● EXERCISE: Nothing but the records themselves, exactly as written, should appear in the reply; leave out the pictures.
^^^^
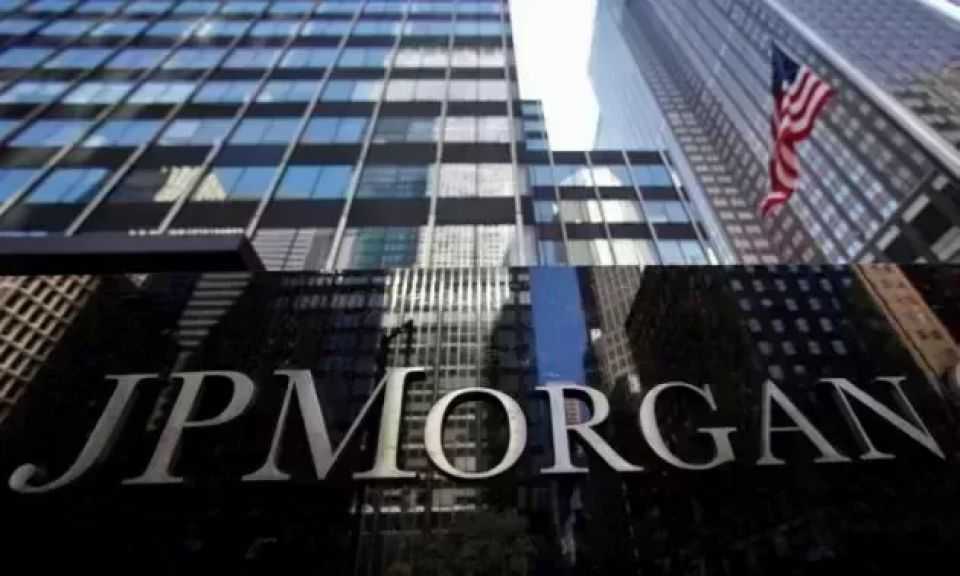جيه بي مورجان: سعر البنزين في أمريكا قد يتجاوز 5 دولارات منتصف أبريل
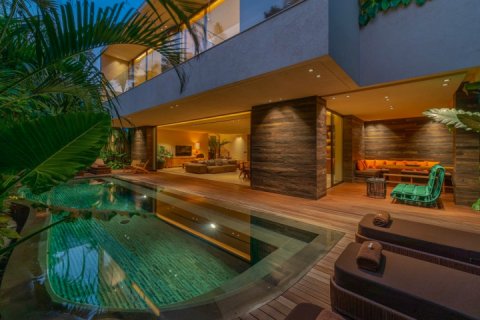 4 bedrooms Villa in Canggu, Badung,  No. 9062 5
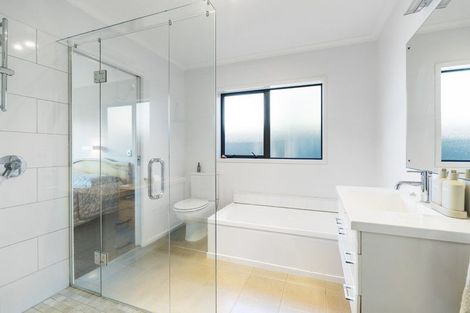 Photo of property in 63 Lismore Street, Merrilands, New Plymouth, 4312
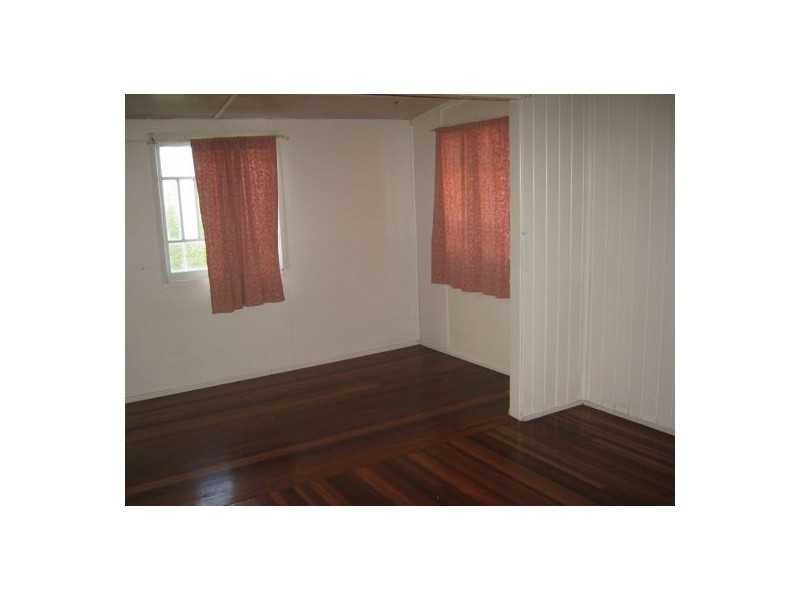 16 Cran Street, Tinana QLD 4650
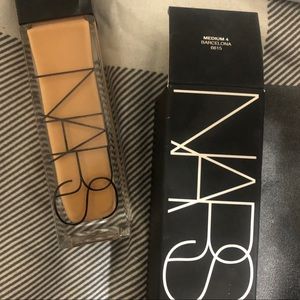 NARS Natural Radiant Long wear Foundation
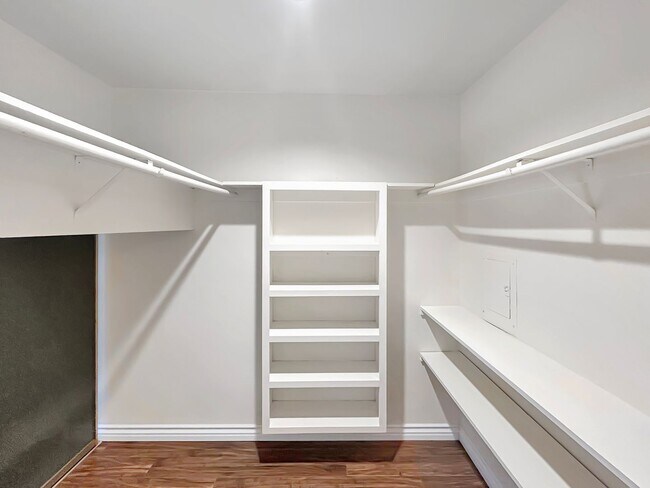 Building Photo - Amazing 2BR/2BA in the heart of UTC! Parki...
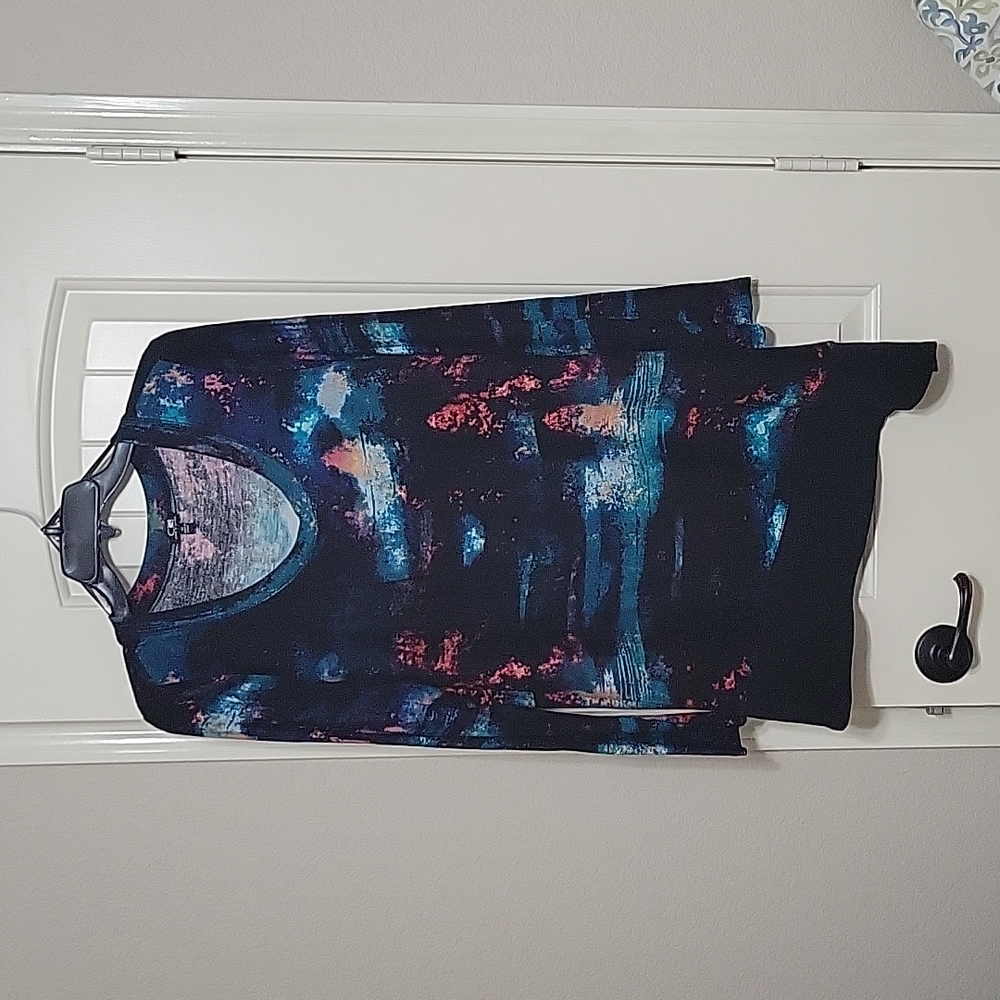 Multicolored top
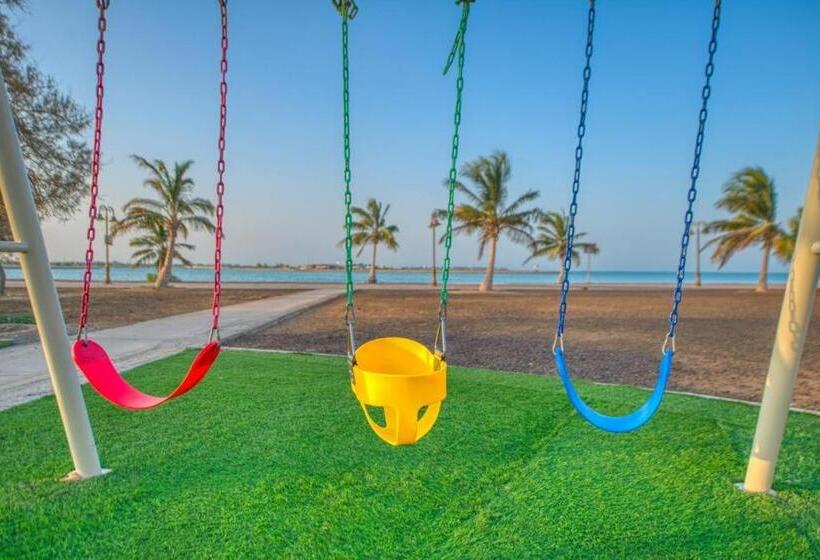 منتجع شاطئ الورد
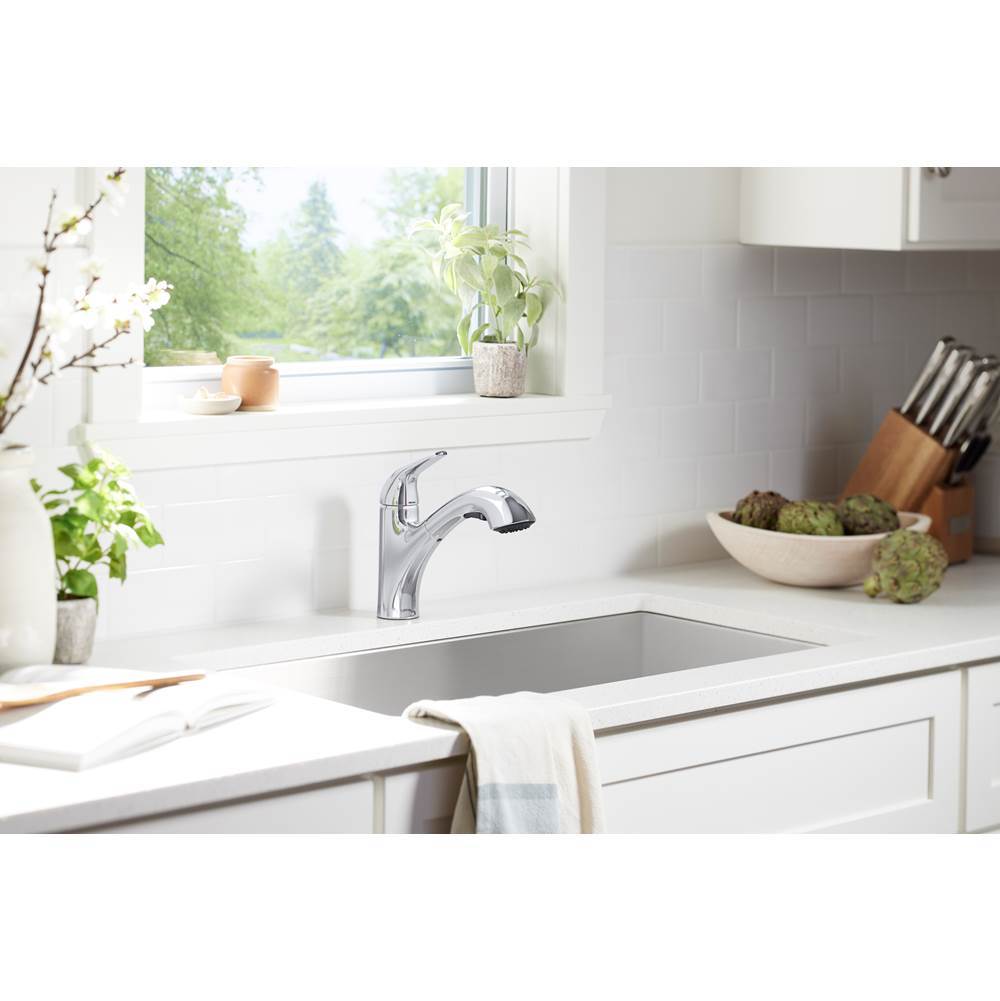 Jolt Pull-out kitchen sink faucet with two-function sprayhead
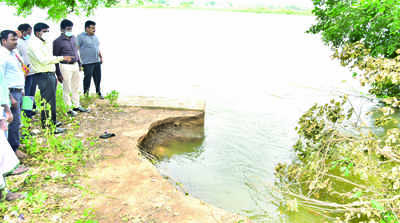 Surplus flow in Cauvery brings down retaining wall in Srirangam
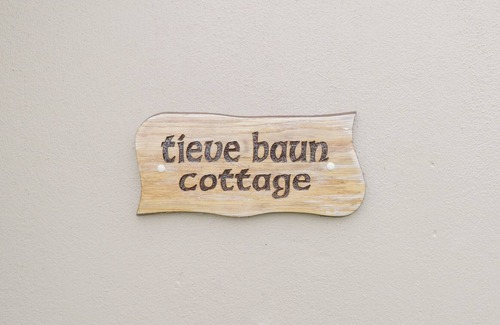 Fivemilebourne Cottage | TIEVE BAUN, country holiday cottage in Kinlough, County Leitrim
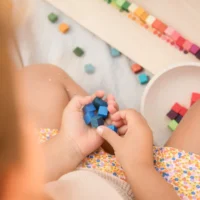 Grapat Mis and Match puidust mosaiigi- ja sorteerimiskomplekt üle 400 värvilise kuubikuga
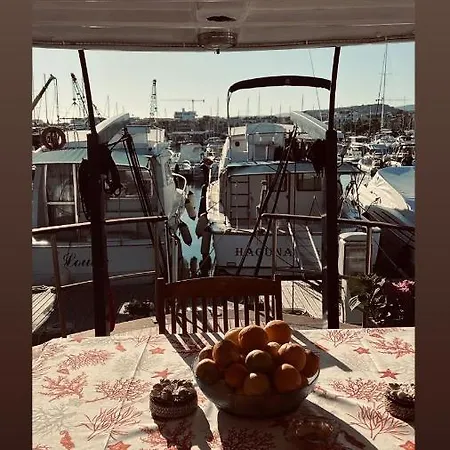 Boat & Breakfast Alicudi *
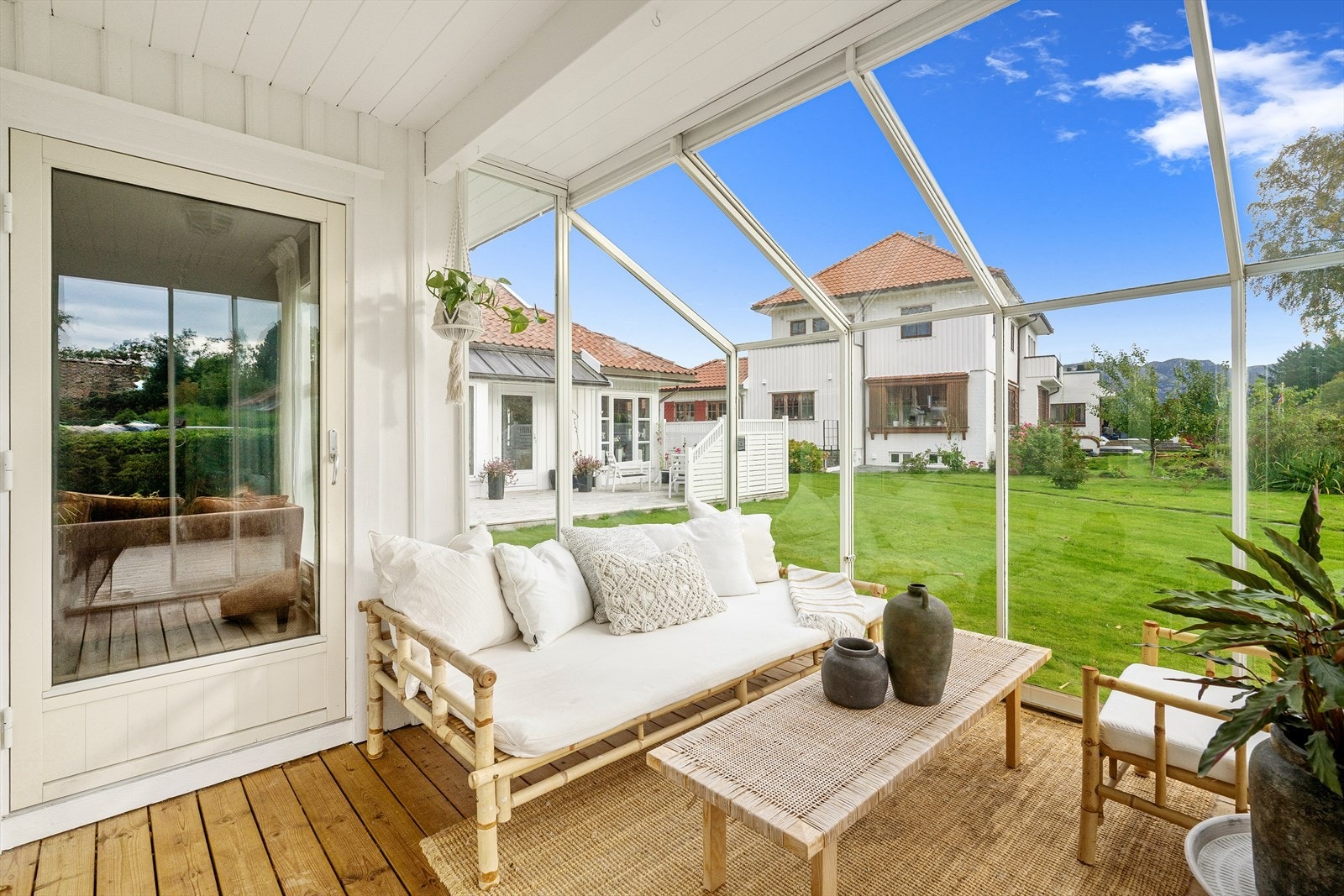 Særdeles trivelig vinterhage som gir god kontakt med idylliske omgivelser Galleribilde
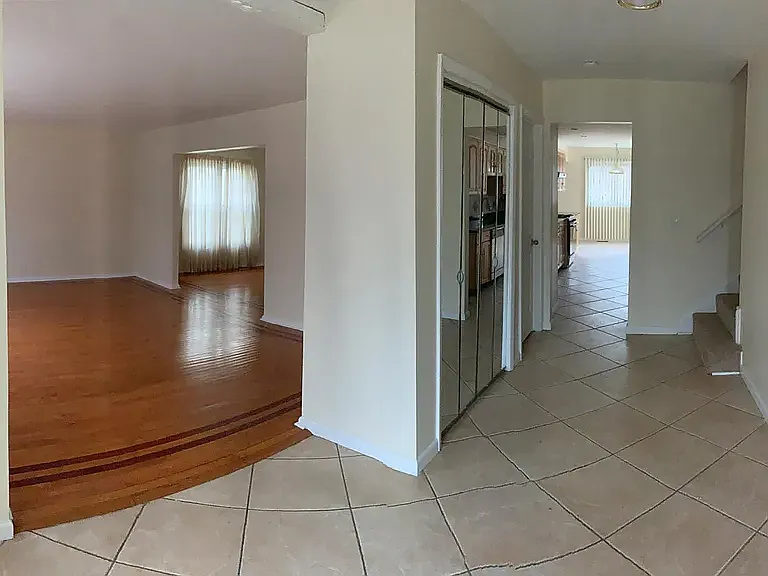 18 W Stevenson Dr — Photo 8
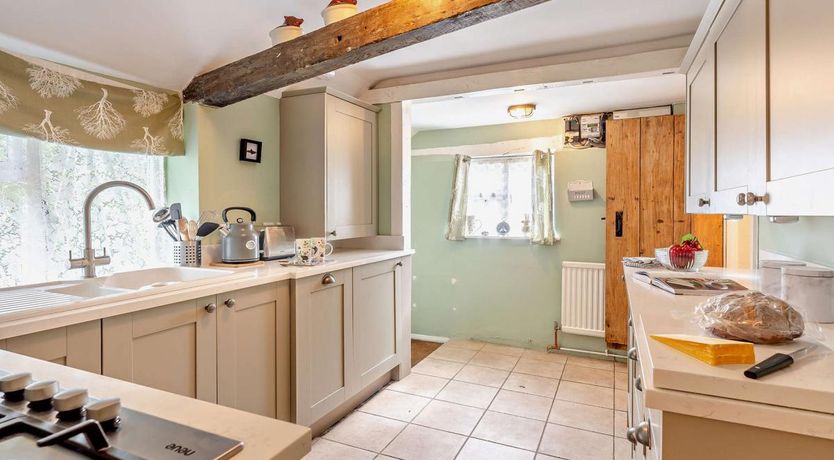 Photo of 2 Bed in Pett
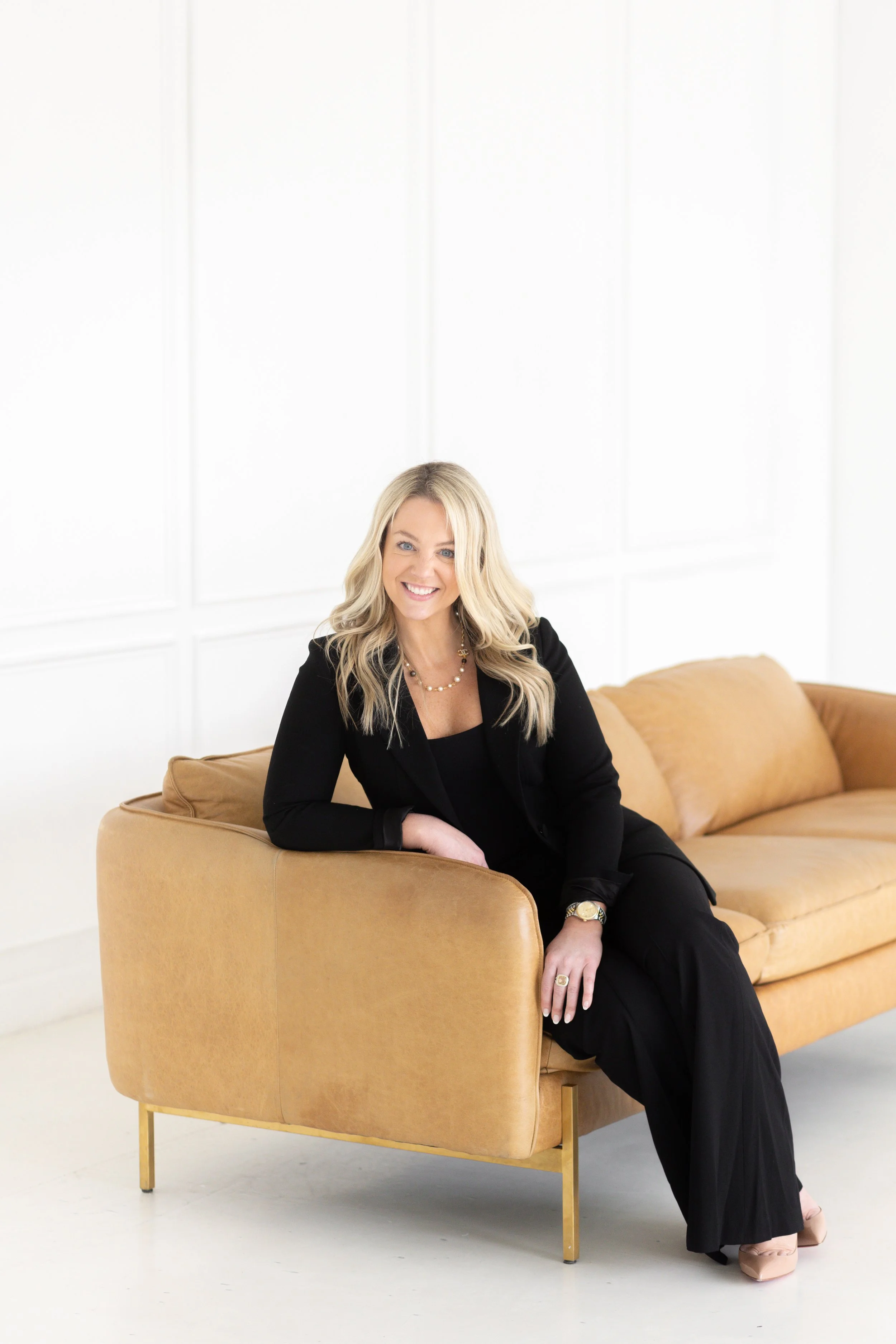 Jesselyn Hayes Headshot Mini Session-25.jpg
^^^^
● TASK SOLUTION:
جيه بي مورجان: سعر البنزين في أمريكا قد يتجاوز 5 دولارات منتصف أبريل
 4 bedrooms Villa in Canggu, Badung,  No. 9062 5
 Photo of property in 63 Lismore Street, Merrilands, New Plymouth, 4312
 16 Cran Street, Tinana QLD 4650
 NARS Natural Radiant Long wear Foundation
 Building Photo - Amazing 2BR/2BA in the heart of UTC! Parki...
 Multicolored top
 منتجع شاطئ الورد
 Jolt Pull-out kitchen sink faucet with two-function sprayhead
 Surplus flow in Cauvery brings down retaining wall in Srirangam
 Fivemilebourne Cottage | TIEVE BAUN, country holiday cottage in Kinlough, County Leitrim
 Grapat Mis and Match puidust mosaiigi- ja sorteerimiskomplekt üle 400 värvilise kuubikuga
 Boat & Breakfast Alicudi *
 Særdeles trivelig vinterhage som gir god kontakt med idylliske omgivelser Galleribilde
 18 W Stevenson Dr — Photo 8
 Photo of 2 Bed in Pett
 Jesselyn Hayes Headshot Mini Session-25.jpg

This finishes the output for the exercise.